Ma quello che soprattutto ha determinata la larga corrente dell’emigrazione, è stato un fatto che ha colpito ugualmente proprietari e lavoratori ed ha dato origine alla crisi agraria. Come già saprà chi ha letto qualche cosa sulla Basilicata e specialmente il pregevole libro del Franchetti, in quella provincia, più che la mezzadria od altre forme di colonia, vige un contratto colonico, per cui il contadino prende, di solito per la durata di tre o di sei anni, degli appezzamenti di terra, che egli coltiva a suo rischio e pericolo, pagando in genere un determinato prezzo di locazione.

E poiché il contadino non ha dimora fissa sul campo colonico, e la coltivazione è molto imperfetta e superficiale, egli suole anche lavorare a giornata al servizio di chi lo chiama, ed assolda anch’egli altri per essere aiutato ne’ lavori campestri: così quasi ogni contadino, mentre è un giornaliero, è anche di solito un produttore. Anzi, giacché la mercede di giornaliero è incerta, e non gli dà luogo a risparmi, costituisce soltanto una ripresa; ma è sulla vendita del genere da lui prodotto che conta per poter sopperire a tutti i suoi bisogni. Così stando le cose, il rapido e progressivo svilimento del prezzo dei cereali è riuscito di notevole danno anche pe’ contadini; poiché il genere da loro prodotto, quando non rimaneva invenduto, fruttava loro pochissimo, e, nel generale rincarimento d’ogni altra cosa, ciò creava loro grandi svantaggi.

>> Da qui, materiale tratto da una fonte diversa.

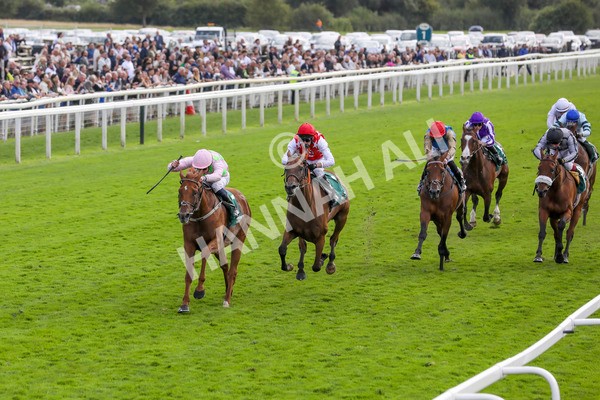 230824-Race 2-Vauban-8331 - Race 2 2.25pm Weatherbys Hamilton Lonsdale Cup Stakes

La mercede della mano d’opera, nell’universale rincaro, è anch’essa contemporaneamente salita in molti luoghi; ma i contadini neppure hanno potuto trarne profitto, perché, tranne che per le vigne, non coltivando i proprietari direttamente la terra a loro spese e non essendovi grandi fittaiuoli, i contadini stessi che nella loro qualità di produttori impiegano l’opera di altri, sentono pe’ primi gli effetti della mano d’opera rincarata.

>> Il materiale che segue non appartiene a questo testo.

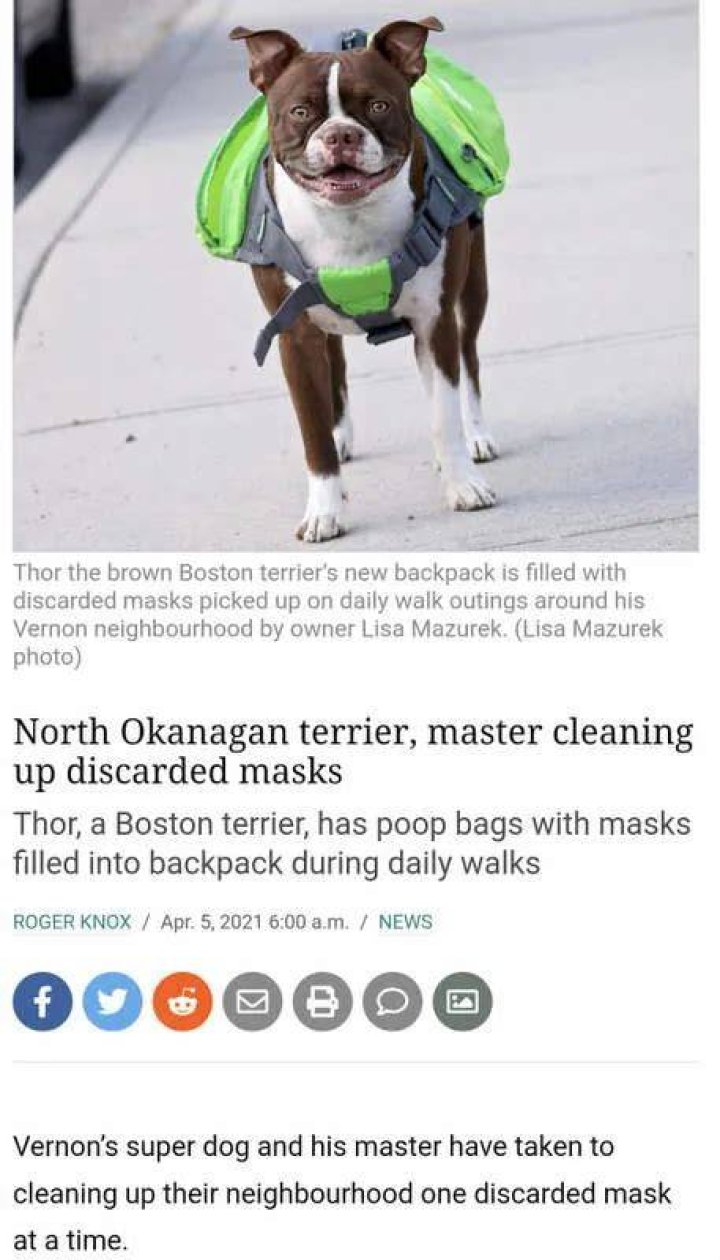 Interview with Thor the Brown Boston - The Super Swimmer Dog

Onde è nato che la coltura de’ cereali, come poi quella de’ vigneti, non è stata più remuneratrice, e n’è venuto l’abbandono della terra e l’emigrazione tanto più crescente, in quanto ad incoraggiarla si sono succeduti i cattivi ricolti. Chi ha voluto restringere in un punto solo le cause dell’emigrazione, non ha posto a mente questo: che al malessere dei contadini faceano riscontro le strettezze sempre maggiori dei proprietari, e che mentre i contadini erano costretti ad emigrare, la piccola proprietà, già fonte d’agiatezza, era pienamente rovinata.

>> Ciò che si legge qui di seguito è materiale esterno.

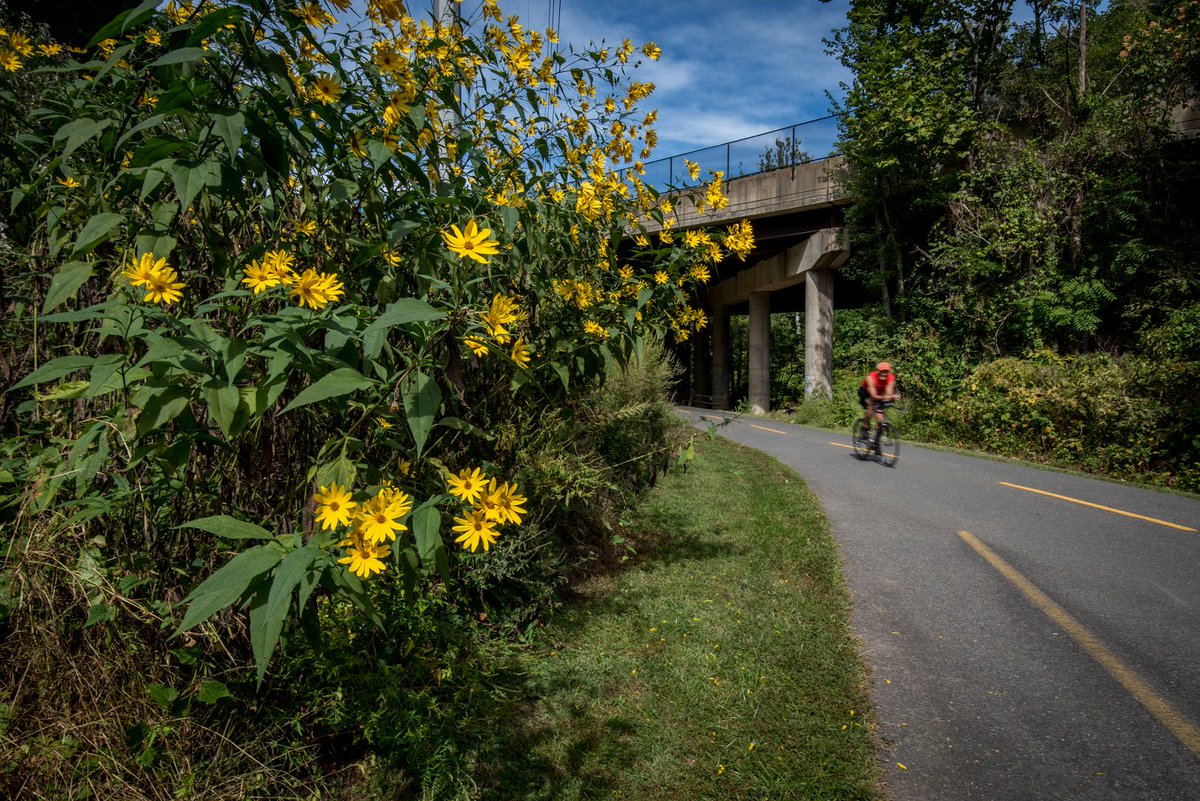 ATPcommutes's tweet photo. Bike on the Pike is this Saturday, April 27 @Dorchester2040 🚲 Stop by any time between 10 a.m. - 1 p.m. for free bike tune-ups courtesy of @papilloncycles, information from @PhoenixBikes, and a community ride that departs at noon. See the flyer here: https://t.co/tIeDKVIHbF https://t.co/paULbHjYRz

Ora, se l’emigrazione fosse un bene od un male, è una domanda che si sono rivolta molte persone, e ciascuna vi ha risposto in vario modo: molti soprattutto, nel rispondervi, movendo da’ principi troppo generali, hanno fatta completa astrazione dal paese, di cui parlavano.

Tale domanda se la rivolse sin dal 1874 il Franchetti nella sua ammirevole pubblicazione sulle condizioni economiche ed amministrative dell’Italia meridionale, ed a lui parve, e non a torto in quel momento, che potesse essere un bene.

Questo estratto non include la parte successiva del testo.